“We need to understand that we are living on a volcano.” That’s a comment from retired Major General Ya’acov Amidror quoted in today’s Jerusalem Post.
It sums up quite nicely what’s happening in the Middle East right now. Tens of thousands of demonstrators are in the streets of Cairo, Alexandria and other major cities in Egypt. Hezbollah is consolidating its hold on power by the appointment of a pro-Iranian prime minister this week. The terror group Hezbollah is now the de facto power in Lebanon. Yemen is experiencing demonstrations that could topple its government. This is all follows the fall of the Tunisian government days ago.
Could the Middle East be going through a seismic change?

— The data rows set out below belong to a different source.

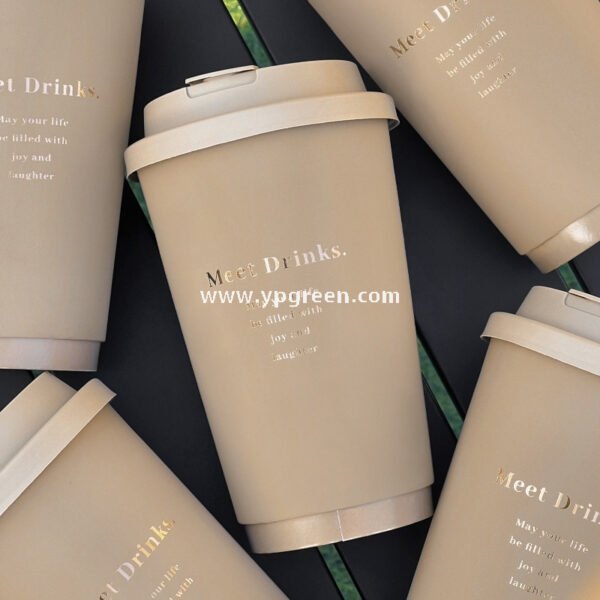 16oz / 500ml Soft-Touch Paper Coffee Cups – Gold Hot Stamping Disposable Cups for Premium Takeaway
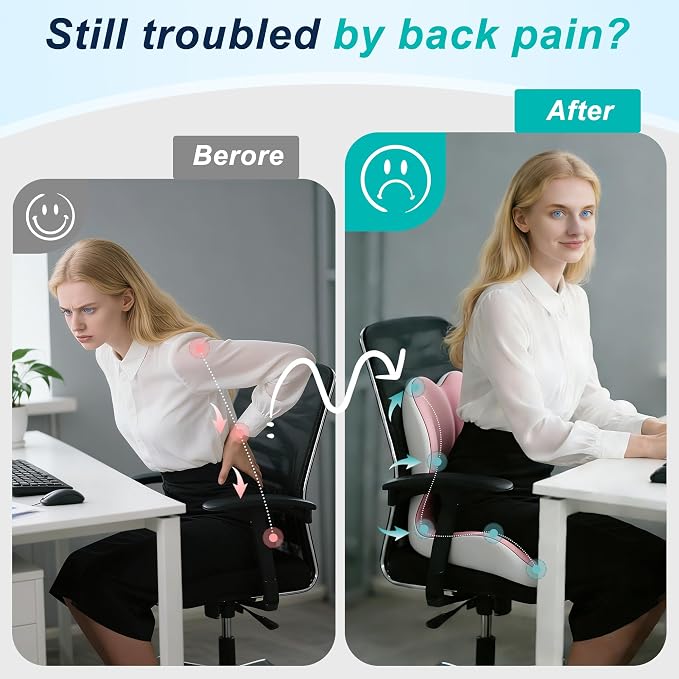 Seat Cushion for Office Chair, Ergonomic Cushion with Lumbar Support Pillow | Orthopedic Memory Foam Coccyx Cushion for Tailbone & Sciatica Pain Relief, Ideal For Office Chairs, Car Seats, Wheelchairs - Image 5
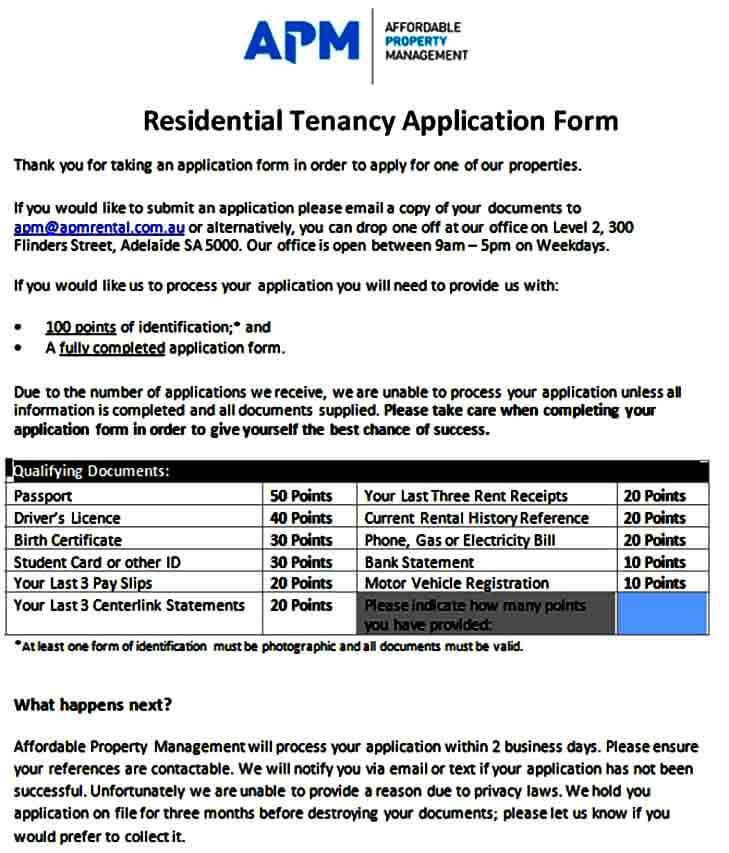 Residential Tenancy Application Form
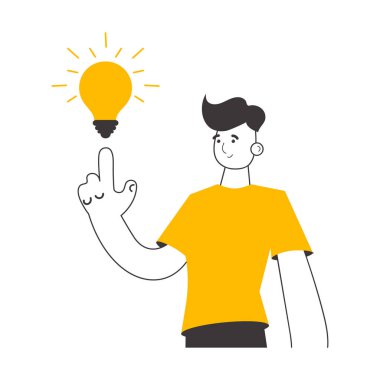 Man and light bulb. Idea concept. Vector. Isolated on white background. Line art style.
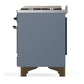 ILVE Majestic III 60-Inch Dual Fuel Range with 9 Sealed Burners + Griddle, 5.8 cu. ft. Oven, Blue Grey with Burnished Trim, Liquid Propane, Triple Glass Door, UM60FNR3BGBLP
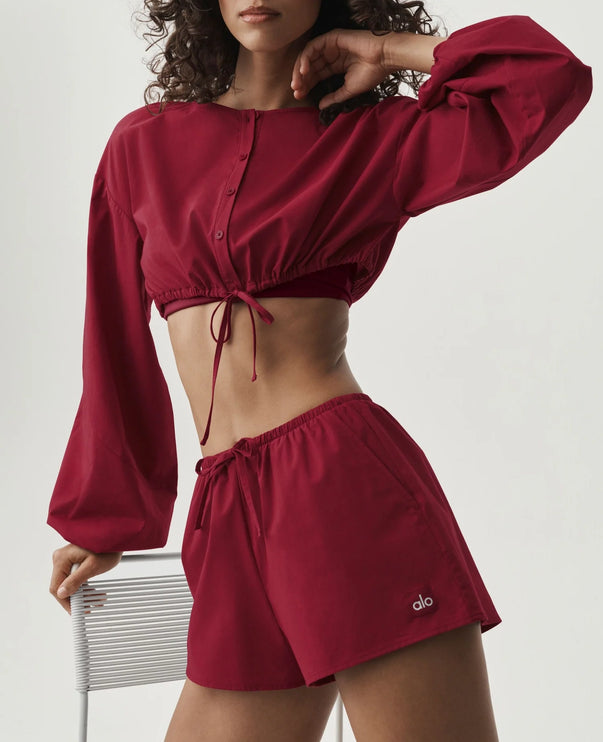 alo Women's Cotton Cropped Real Deal Long Sleeve Summer Romance Red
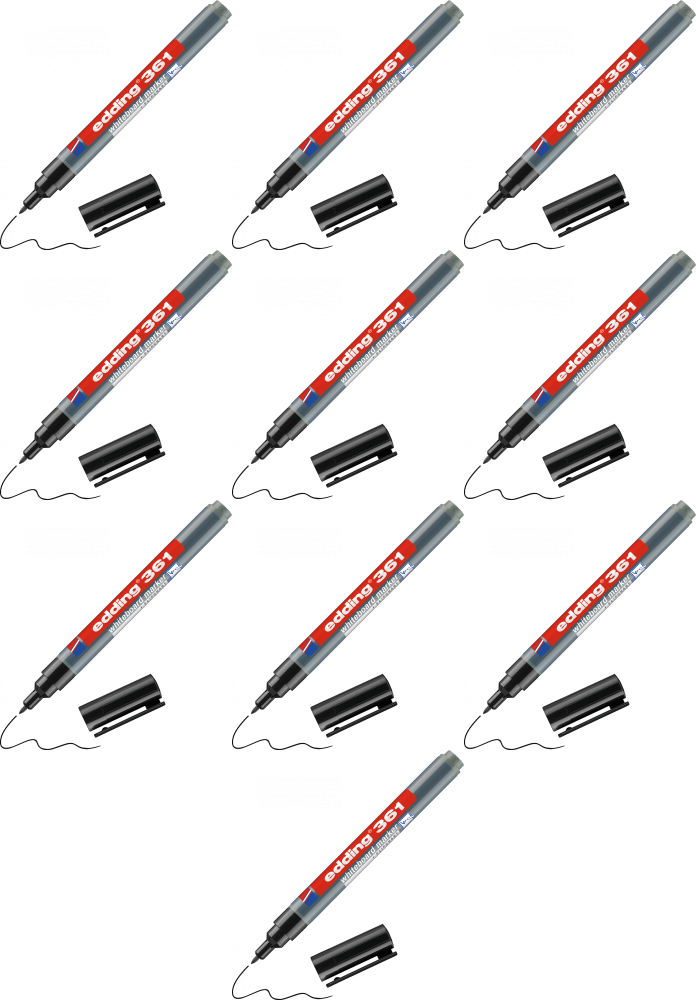 10x Marker suchościeralny edding 361, okrągła, 1mm, czarny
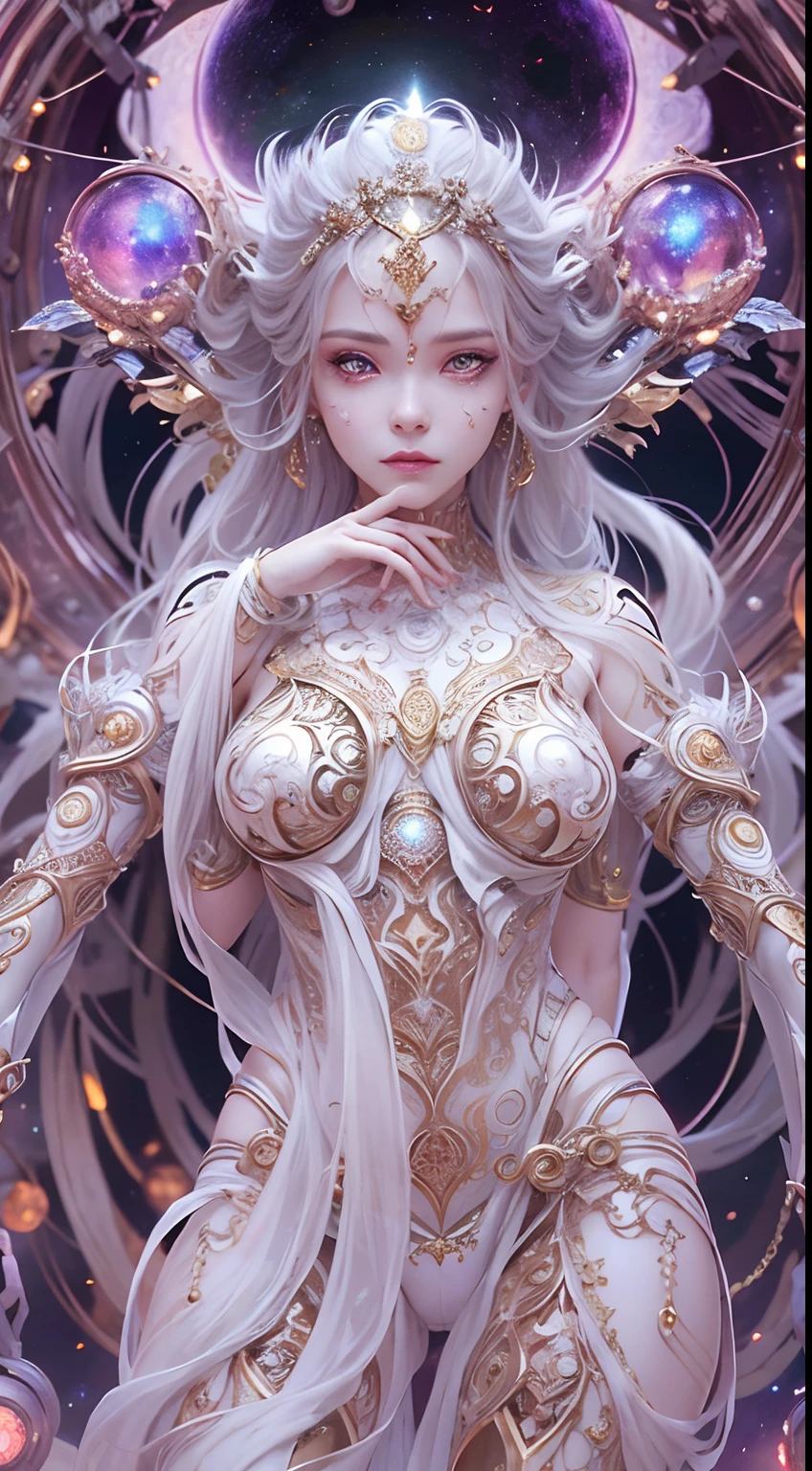 Full body like，（best qualtiy，ultra - detailed，Most Best Illustration，Best shadow，tmasterpiece，A high resolution，professionalartwork，famousartwork），Detailed eyes，beautidful eyes，closeup cleavage，sci-fy，colored sclera，Robot eyes，face markings，Tattooed with，（fractalized，Fractal eyes），largeeyes，Wide eyes，（Eye focus），sface focus，Cosmic eyes，Space eyes，Close-up of metal sculpture of a woman with a moon in her hair，goddes。extremly high detail，3 d goddess portrait，Extremely detailed footage of the goddess，a stunning portrait of a goddess，Side image of the goddess，portrait of a beautiful goddess，Full body close-up portrait of the goddess，hecate goddess，portrait of a norse moon goddess，goddess of space and time，(RAW photo:1.2)，camel-toe，Hollow-out on，sweat leggs，White liquid， Smooth pink skin, shiny metallic glossy skin, Shiny, 　spread their legs　M-shaped legs,angry look,sullenness,Irritated，white liquid all over body，Full body like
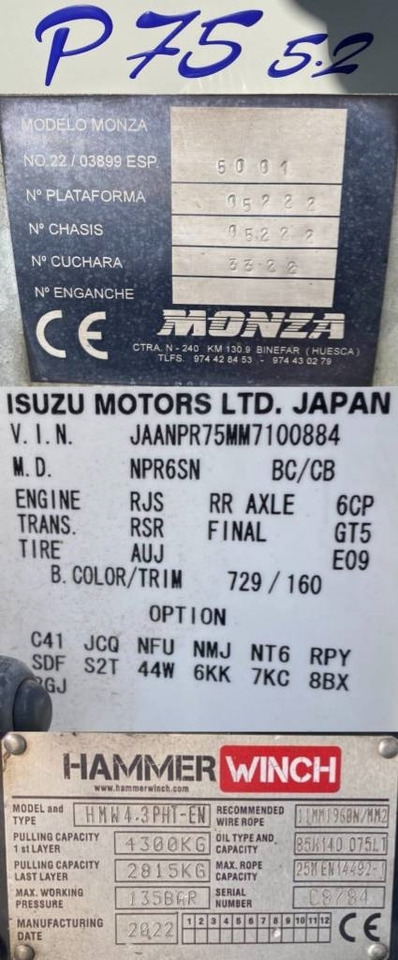 自动转运卡车 Isuzu P75-S2/MONZA 1er Main Carte grise Française：图14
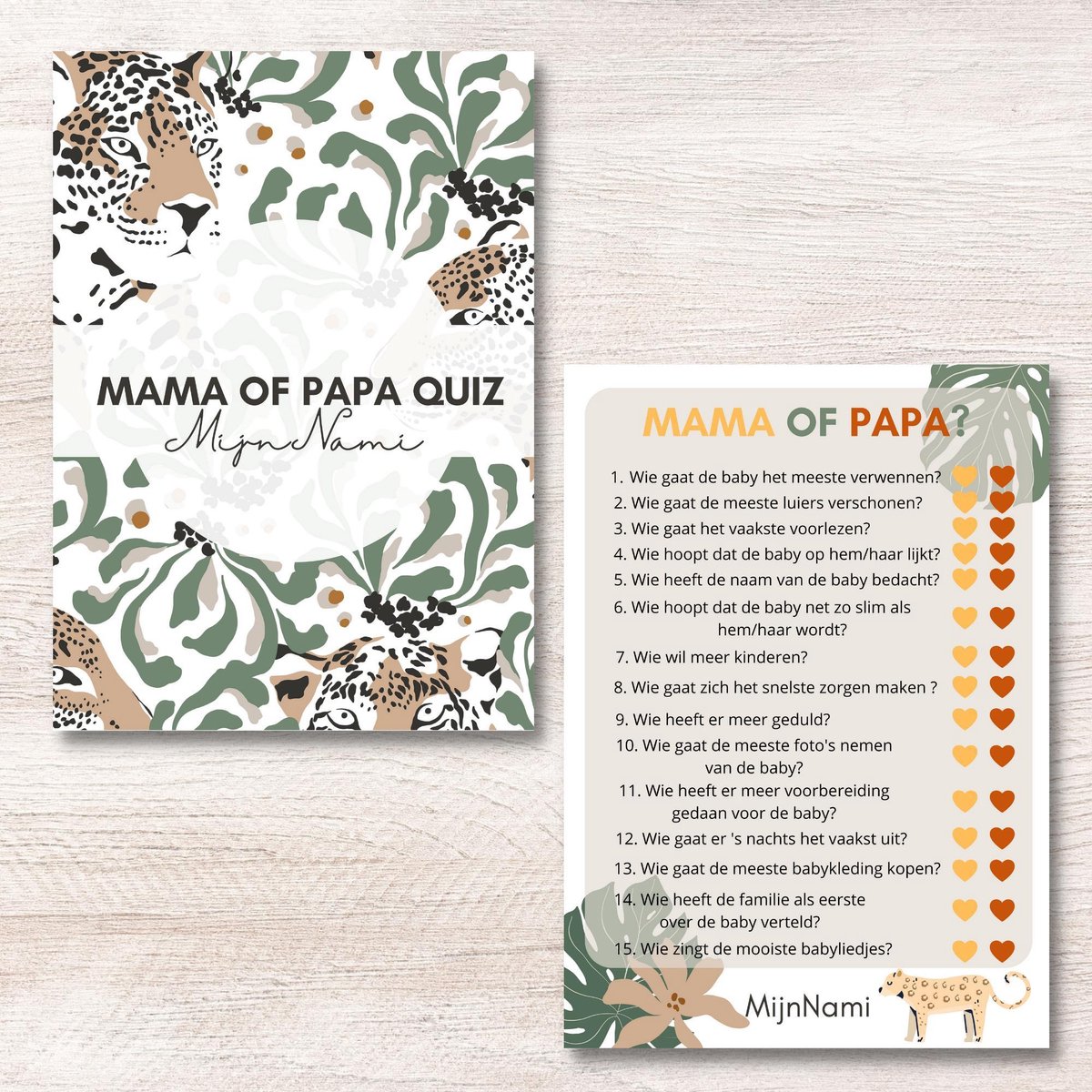 Mama en Papa Quiz Panter 10 stuks - A6 300 Grams - Babyshower Invulkaarten - Babyshower quiz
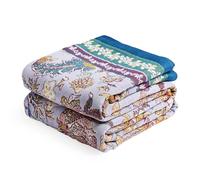 VANJOROY 100% Organic Cotton Sofa Large Bed Throw Blanket-230x250cm, Soft Skin-friendly Double-sided Boho Floral Purple Throw for 2 3 Seater Settees Armchair Couch and Bedspread.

In Egypt, the stakes are huge. The Mubarak government – more like a dictatorship – is repugnant. It abuses human rights and suppresses free speech. It But what will happen if Egypt’s dictatorship of 30 years crumbles? The worst case scenario is that if the Mubarak government falls, it might be replaced by an Islamist theocracy, an outcome far worse than the Mubarak regime.
That government could be led by a group called the Muslim Brotherhood. Founded in 1928, it wants to impose Sharia (Islamic) law in Egypt. Think of it like the grandfather of modern day terror groups like Al Qaeda and Hamas. They enjoy a great deal of support in Egypt and it appears they’re beginning to take advantage of the turmoil in the streets.
An Islamist government led by the Muslim Brotherhood would likely abrogate its peace treaty with Israel and leave the Jewish state more isolated ever in the Middle East. In effect, a bad neighborhood would get far worse.
So the choices Egypt faces are not good. As one Middle East analyst put it: “Either way in Egypt there is going to have a dictatorship. The question is, do they want Mubarak's (and his son and chosen successor, Gamal) dictatorship or an Islamic dictatorship?”
Some point to Muhammed ElBaradei as a possible successor to Mubarak. That could be but often in these unstable and uncertain times, the most ruthless group often succeeds and that might not be ElBaradei.
It also quite plausible Mubarak will weather this threat to his regime. If his military stands with him, he might survive. But as the events in Tunisia demonstrate, no one quite knows how this will play out.
One thing is certain; it’s a time to pray for Egypt, Israel, the Middle East and for the peace of Jerusalem!